Xinjiang Uygur Özerk Bölgesi Basın Ofisi'nin açıklamasında, Türkiye Dışişleri Bakanlığı Sözcüsü'nün "Çin'in tüm dinleri ve inançları Çinlileştirme politikası izlediği" iddiası da yalanlanarak, bu iddiaya cevaben, dinlerin bulundukları toplumla bağdaşmasının varlıklarının temeli olduğu belirtildi.

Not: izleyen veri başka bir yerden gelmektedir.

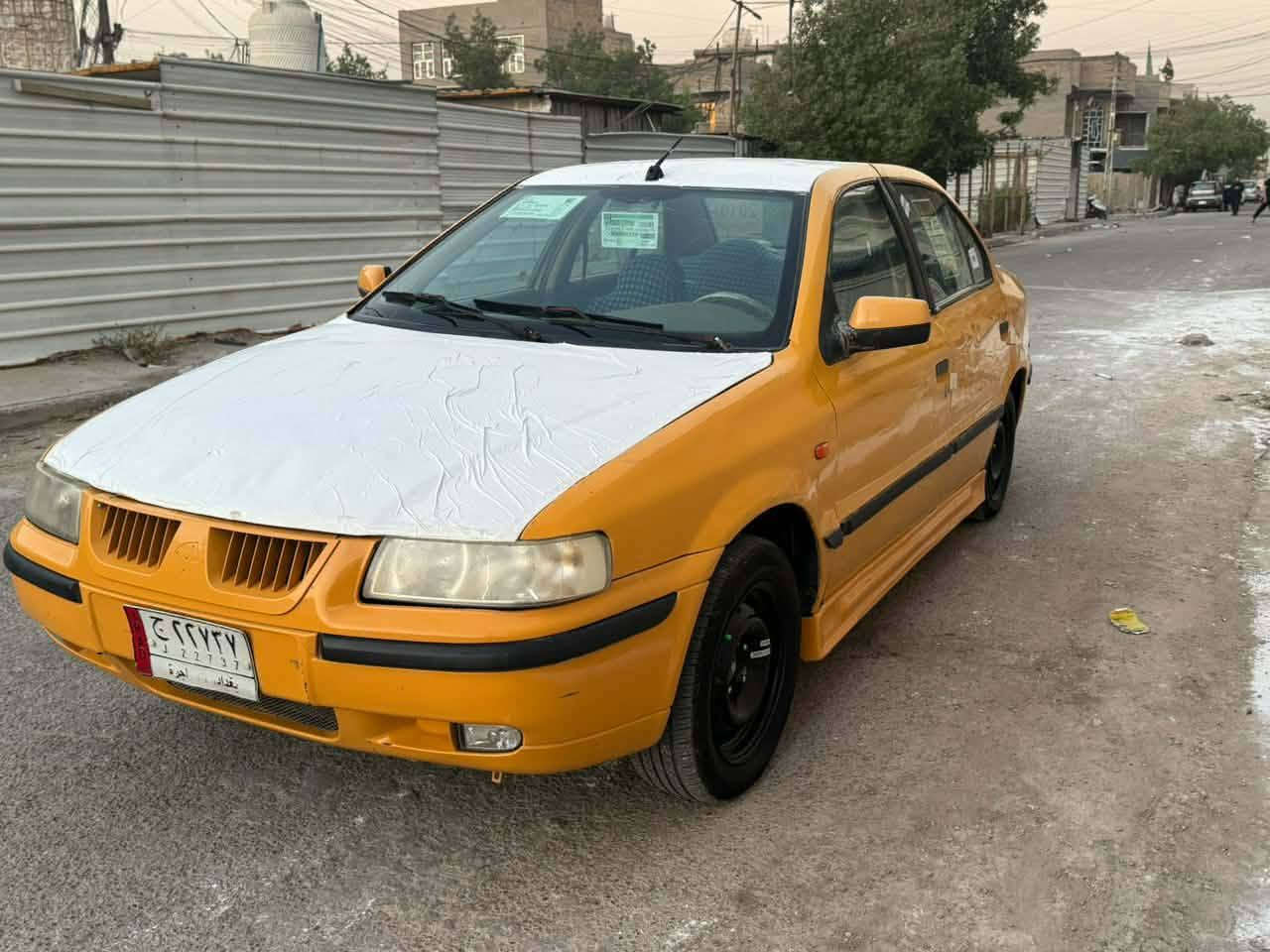 السلام عليكم ورحمه سمند مديل 10كير او محرك مكفولات كهربائيات كل شغاله كاعيه جلد داخل كلش حلوه رقم بغداد ألماني شرط التحويل السياره لا ضربه ولا تبديل بس صبغ هلال او يم البكلايت اوباب السائق اثر طخات عله كد هن مكان السياره بغداد العبيدي قرب التربيه سعر 23اوبيها مجال بصيط الشراي يتصل علا الرقم صدر امامي او خلفي جديد ***********هاذا رقم تبريد عوزه كلج او غاز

Açıklamada, Çin hükümetinin öteden beri din ve inanç özgürlüğü politikasını izlediğine dikkat çekilerek, din işlerinin hukuk çerçevesinde yürütüldüğü, Çin'in bu konuda da "tam bağımsızlık, kendi gücüyle kalkındırma ve dış müdahaleye izin vermeme" ilkesine sadık kaldığı kaydedildi. Çin hükümetinin din ile sosyalist toplumun bağdaşmasını aktif şekilde yönlendirdiği vurgulanan açıklamada, farklı dinlerin temel kuralları ve ilkeleri dikkate alınarak topluma ve çağa uyum sağlamasına önem verildiği, bu dinlerin seçkin geleneksel Çin kültürüyle iç içe olduğu ifade edildi.